Create a new Azure AD conditional access policy with the following configuration:
User and groups configured to include who should be affected by this policy. As a best practice include break glass account(s) into the exclude list
Cloud apps or actions includes ‘All cloud Apps’
Conditions has no configuration settings enabled
Grant has no configuration settings enabled
Session must have ‘Use Conditional Access App Control’ enabled and configured as ‘Use custom policy’
When custom policy is enabled, the following message is displayed:
‘Custom policies need to be configured in Cloud App Security portal. This control works instantly for featured apps and can be self onboarded for any app. Click here to learn more about both scenarios.'
Prior to the creation of the access policy, ensure the application whose access you wish to control is displayed under ‘Conditional Access App Control apps’ from ‘Connected Apps’. To do this, perform the following steps:
Sign into https://portal.cloudappsecurity.com
Expand Investigate, select Connected apps, and then Conditional Access App Control apps.
A list of connected apps is displayed. E.g. Office 365 General, Microsoft SharePoint Online - General, or Microsoft Teams - General.
If no applications are displayed or an application you wish to control via a Cloud Apps Security policy, then proceed with the next step. If the application you wish to control is displayed then you may continue to deploy the access policy.
Ensure the Azure AD conditional access policy is enabled and targeting the account you will used to perform the next steps.
a. Open a web browser and sign into https://outlook.office.com
b. Repeat the above step for other applicatiosn you wish to control, for example, https://teams.microsoft.com
c. Repeat steps 1 though 2 and ensure the Microsoft applications you signed into during steps 3(a) through 3 (b) are showing under Conditional Access App Control apps. Once showing they may be configured as part of the access controls.

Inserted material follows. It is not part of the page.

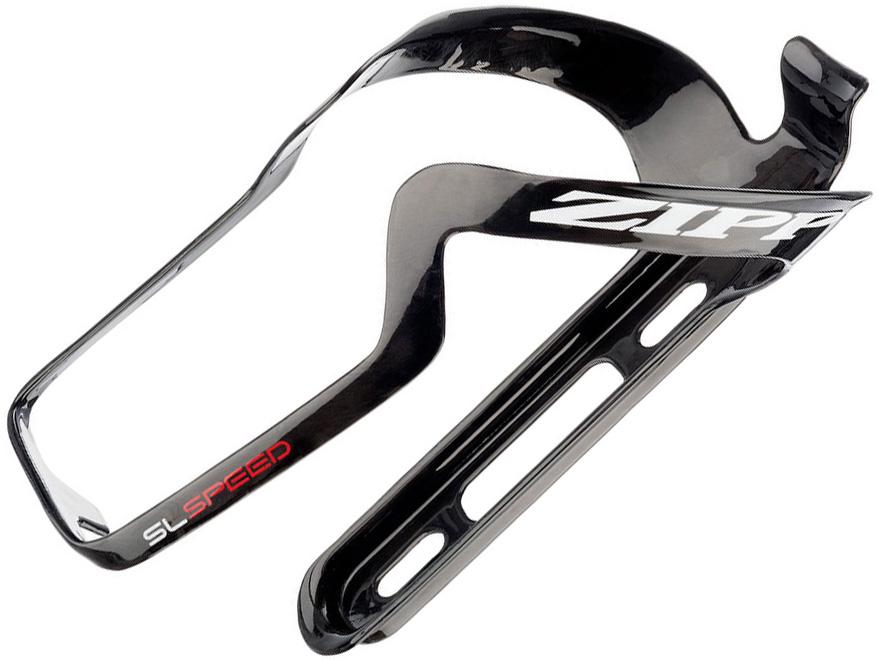 zipp carbon bottle cage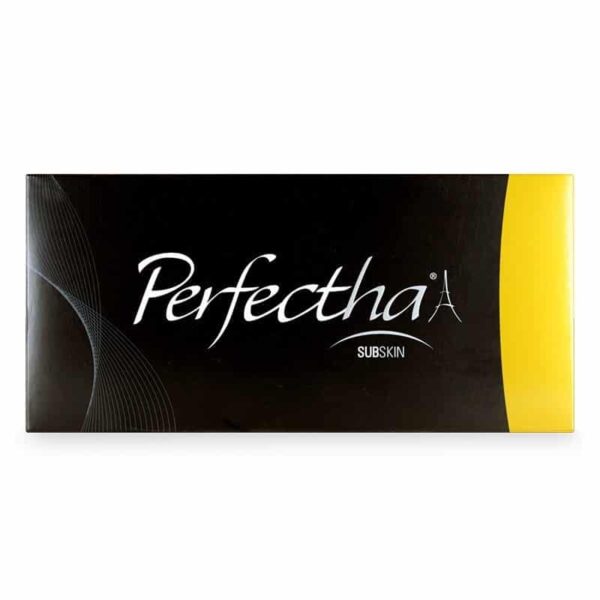 PERFECTHA® SUBSKIN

From the Cloud Apps Security portal, expand Control, and then Policies
Click on the Create policy drop down, then select Access policy
Configure the following settings:
a. Policy name: Custom - Block Desktop Apps - Non Intune Compliant
b. Policy severity: Low severity
c. Category: Access control
d. Description: MCAS policy blocking Offie 365 desktop applications when opened from a non-Intune compliant PC or other device.
e. Activities matching all of the following
'Device tag' does not equal 'Intune compliant' 'App' equals 'Microsoft Online Services' 'Client app' equals 'Mobile and desktop' 'Device Type' equals 'PC, Other' *note: If required the rule can be further scoped to specific users or groups.*
f. Actions: Block, and select Customize block message
"You are attempting to access Office 365 from a desktop PC that does not meet your organisation's compliance requirements."
g. Enable ‘Create an alert for each matching event with the policy severity’. This will enable you to review alerts generated by this policy.